## [ENTRIES PROVIDED]
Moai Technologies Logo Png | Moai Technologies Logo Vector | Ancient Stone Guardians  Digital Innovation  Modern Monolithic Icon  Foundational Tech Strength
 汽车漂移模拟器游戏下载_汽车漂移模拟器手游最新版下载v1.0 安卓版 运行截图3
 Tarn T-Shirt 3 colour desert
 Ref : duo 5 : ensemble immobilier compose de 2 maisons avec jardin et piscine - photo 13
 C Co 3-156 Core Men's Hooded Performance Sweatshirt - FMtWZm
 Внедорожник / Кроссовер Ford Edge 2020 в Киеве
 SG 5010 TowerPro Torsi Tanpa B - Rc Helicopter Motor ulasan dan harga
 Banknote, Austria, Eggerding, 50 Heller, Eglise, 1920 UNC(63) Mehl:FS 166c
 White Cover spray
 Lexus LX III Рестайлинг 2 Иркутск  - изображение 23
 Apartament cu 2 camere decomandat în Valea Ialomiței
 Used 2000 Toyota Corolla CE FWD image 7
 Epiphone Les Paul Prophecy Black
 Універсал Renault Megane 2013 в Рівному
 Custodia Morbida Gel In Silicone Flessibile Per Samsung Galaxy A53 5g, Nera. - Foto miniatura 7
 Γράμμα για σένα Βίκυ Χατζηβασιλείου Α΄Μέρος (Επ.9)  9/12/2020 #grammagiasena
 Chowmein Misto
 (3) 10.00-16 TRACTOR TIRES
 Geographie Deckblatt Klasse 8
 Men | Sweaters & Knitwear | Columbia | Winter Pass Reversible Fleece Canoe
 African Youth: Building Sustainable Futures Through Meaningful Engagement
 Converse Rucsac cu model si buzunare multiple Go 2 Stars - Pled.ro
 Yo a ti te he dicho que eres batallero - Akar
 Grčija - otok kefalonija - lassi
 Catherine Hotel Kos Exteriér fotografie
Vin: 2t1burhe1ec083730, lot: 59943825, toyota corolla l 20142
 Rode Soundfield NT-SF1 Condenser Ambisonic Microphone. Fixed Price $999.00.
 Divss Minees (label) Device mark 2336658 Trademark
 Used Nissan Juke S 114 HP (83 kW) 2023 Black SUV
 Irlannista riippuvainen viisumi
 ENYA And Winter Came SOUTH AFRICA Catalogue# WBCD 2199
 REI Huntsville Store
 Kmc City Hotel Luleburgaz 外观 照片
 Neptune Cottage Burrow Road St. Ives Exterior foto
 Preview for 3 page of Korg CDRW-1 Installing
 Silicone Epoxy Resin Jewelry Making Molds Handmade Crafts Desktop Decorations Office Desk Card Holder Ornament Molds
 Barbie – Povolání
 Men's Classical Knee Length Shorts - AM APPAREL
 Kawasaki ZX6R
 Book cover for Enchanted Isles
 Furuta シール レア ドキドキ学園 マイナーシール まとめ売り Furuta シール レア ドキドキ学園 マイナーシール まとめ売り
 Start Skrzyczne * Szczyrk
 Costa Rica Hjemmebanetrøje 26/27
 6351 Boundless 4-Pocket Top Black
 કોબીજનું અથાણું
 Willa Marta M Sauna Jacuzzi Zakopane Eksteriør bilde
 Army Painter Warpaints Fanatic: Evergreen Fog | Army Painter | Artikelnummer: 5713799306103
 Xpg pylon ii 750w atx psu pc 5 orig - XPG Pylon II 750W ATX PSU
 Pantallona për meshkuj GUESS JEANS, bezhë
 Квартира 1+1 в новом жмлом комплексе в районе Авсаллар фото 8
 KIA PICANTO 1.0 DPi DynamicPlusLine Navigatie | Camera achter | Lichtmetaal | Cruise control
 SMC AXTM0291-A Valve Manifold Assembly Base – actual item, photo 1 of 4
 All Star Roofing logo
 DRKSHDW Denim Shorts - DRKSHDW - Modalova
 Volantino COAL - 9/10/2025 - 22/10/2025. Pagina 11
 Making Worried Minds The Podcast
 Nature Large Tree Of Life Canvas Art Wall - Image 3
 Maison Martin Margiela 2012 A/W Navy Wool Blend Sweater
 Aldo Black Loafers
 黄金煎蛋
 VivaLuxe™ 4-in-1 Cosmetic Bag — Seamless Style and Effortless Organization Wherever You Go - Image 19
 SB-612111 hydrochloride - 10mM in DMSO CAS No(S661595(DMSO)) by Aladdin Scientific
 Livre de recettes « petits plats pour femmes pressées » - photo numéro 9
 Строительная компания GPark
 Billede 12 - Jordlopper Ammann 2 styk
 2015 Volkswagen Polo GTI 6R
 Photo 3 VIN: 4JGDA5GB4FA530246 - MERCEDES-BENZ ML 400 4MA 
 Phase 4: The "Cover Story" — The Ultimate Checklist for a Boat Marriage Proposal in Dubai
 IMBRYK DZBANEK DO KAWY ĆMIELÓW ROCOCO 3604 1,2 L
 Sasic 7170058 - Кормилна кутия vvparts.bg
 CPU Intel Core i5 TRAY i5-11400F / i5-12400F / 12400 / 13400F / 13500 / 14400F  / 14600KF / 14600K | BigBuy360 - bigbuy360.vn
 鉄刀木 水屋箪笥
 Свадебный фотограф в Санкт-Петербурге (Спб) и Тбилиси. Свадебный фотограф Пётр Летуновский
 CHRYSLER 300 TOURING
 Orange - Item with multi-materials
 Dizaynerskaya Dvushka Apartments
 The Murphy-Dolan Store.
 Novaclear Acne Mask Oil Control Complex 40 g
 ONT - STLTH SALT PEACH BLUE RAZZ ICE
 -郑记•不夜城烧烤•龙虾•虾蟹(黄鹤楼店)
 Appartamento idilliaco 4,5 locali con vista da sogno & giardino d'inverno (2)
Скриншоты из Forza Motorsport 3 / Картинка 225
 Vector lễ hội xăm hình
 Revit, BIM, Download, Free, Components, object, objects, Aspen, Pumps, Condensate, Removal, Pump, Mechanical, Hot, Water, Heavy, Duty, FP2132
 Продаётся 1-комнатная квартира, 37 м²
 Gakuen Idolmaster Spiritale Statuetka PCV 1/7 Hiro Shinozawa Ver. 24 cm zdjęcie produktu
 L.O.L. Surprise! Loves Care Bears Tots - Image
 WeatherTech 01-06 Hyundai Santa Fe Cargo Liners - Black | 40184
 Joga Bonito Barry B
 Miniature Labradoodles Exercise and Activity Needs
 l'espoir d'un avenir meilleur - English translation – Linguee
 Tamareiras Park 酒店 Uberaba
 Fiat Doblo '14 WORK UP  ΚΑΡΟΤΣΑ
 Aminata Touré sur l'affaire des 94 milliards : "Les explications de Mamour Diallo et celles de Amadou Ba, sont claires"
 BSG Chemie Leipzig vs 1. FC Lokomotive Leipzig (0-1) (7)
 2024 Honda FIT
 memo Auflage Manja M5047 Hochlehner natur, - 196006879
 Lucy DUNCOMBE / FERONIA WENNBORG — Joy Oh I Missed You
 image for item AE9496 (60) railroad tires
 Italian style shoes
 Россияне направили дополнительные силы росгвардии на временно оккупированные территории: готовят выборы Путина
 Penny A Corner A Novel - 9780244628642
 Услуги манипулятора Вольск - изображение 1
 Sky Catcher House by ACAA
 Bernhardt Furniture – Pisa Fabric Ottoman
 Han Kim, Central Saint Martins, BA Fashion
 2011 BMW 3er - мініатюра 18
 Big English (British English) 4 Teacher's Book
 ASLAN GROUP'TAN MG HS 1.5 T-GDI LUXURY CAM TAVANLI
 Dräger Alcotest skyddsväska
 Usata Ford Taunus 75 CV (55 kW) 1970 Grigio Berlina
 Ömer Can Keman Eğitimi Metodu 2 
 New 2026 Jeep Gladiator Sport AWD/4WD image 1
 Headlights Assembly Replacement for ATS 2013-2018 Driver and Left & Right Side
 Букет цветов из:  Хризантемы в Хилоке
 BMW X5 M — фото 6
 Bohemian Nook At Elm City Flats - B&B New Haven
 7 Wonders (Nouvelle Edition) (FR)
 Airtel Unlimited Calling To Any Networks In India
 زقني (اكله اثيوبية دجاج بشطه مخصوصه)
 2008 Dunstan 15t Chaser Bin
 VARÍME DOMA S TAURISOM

## [TASK INSTRUCTIONS]
Each line containing "Used" belongs in the answer; pick these out of the material and copy them.

## [WRITTEN RESPONSE]
 Used 2000 Toyota Corolla CE FWD image 7
 Used Nissan Juke S 114 HP (83 kW) 2023 Black SUV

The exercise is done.